= Charging data record =

Term in mobile telecommunications

For mobile telecommunications, the Charging Data Record (CDR) is, in 3GPP parlance, a formatted collection of information about a chargeable telecommunication event (making a phone call, using the Internet from your mobile device).

CDRs are used for user billing: a telecom provider transfers them from time to time in order to send bills to their users. CDRs are sent in GTP' messages, or saved in files and fetched with FTP protocol.

Information on chargeable events includes time of call set-up, duration of the call, amount of data transferred, etc. A separate CDR is generated for each party to be charged.

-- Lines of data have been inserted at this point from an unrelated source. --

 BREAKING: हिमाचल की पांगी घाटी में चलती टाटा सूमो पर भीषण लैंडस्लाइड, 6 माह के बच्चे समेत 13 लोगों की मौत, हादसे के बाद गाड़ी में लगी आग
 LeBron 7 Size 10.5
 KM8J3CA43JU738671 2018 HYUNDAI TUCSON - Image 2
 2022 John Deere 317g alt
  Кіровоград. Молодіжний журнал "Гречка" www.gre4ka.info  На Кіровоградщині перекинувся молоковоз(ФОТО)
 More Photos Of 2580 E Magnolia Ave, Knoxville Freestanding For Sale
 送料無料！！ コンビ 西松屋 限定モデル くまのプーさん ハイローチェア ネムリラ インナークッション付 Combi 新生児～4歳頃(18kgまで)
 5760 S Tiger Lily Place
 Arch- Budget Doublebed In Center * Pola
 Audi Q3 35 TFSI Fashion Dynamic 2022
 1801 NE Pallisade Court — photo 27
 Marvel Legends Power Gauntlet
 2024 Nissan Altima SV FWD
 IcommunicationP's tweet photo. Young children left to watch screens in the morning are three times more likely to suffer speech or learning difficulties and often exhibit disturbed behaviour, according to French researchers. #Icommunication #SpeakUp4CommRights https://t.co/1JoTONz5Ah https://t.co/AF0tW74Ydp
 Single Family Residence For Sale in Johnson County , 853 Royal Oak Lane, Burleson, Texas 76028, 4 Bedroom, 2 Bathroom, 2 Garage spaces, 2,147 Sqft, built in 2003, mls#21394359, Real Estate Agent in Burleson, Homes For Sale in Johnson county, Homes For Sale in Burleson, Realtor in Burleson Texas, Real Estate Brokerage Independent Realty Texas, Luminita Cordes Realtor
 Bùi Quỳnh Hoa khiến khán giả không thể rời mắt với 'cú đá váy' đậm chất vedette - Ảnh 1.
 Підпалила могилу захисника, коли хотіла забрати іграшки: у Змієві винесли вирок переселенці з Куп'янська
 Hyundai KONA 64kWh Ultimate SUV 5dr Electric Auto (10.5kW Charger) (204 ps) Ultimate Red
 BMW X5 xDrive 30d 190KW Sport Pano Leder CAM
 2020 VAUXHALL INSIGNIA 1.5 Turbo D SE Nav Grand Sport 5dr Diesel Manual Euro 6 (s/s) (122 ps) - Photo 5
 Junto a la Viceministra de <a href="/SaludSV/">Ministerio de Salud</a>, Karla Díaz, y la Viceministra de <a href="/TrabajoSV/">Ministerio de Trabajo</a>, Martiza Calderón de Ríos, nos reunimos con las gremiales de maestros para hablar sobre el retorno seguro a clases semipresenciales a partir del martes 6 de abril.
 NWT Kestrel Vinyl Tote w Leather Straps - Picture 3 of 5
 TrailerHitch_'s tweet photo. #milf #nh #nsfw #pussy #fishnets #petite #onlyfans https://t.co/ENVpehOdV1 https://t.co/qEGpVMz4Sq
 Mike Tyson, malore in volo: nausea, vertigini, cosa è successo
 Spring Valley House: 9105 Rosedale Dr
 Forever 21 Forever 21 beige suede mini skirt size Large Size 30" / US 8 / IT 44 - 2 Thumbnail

Entries on CDRs use a {category, usage} syntax. Usage units can be bits (e.g. user downloaded a 1MB movie), seconds (e.g. user downloaded 1 minute of a movie), or other units (e.g. user downloaded 1 movie).

==CDR type==
CDRs can be classified basically on two parameters
- The node at which they're generated: GGSN, SGSN, PGW, SGW, etc.
- The kind of service or activity they're charging : MBMS, Mobility, Location request etc.
As per the specifications the records are classified as follows :
- S-CDR
- SGW-CDR
- PGW-CDR
- eG-CDR
- M-CDR
- S-SMO-CDR
- LCS-MO-CDR
- LCS-NI-CDR
- S-MB-CDR
- G-MB-CDR
- MBMS-GW-CDR

==See also==
- Call detail record, the counterpart for Circuit Switch service usage. Also abbreviated as CDR.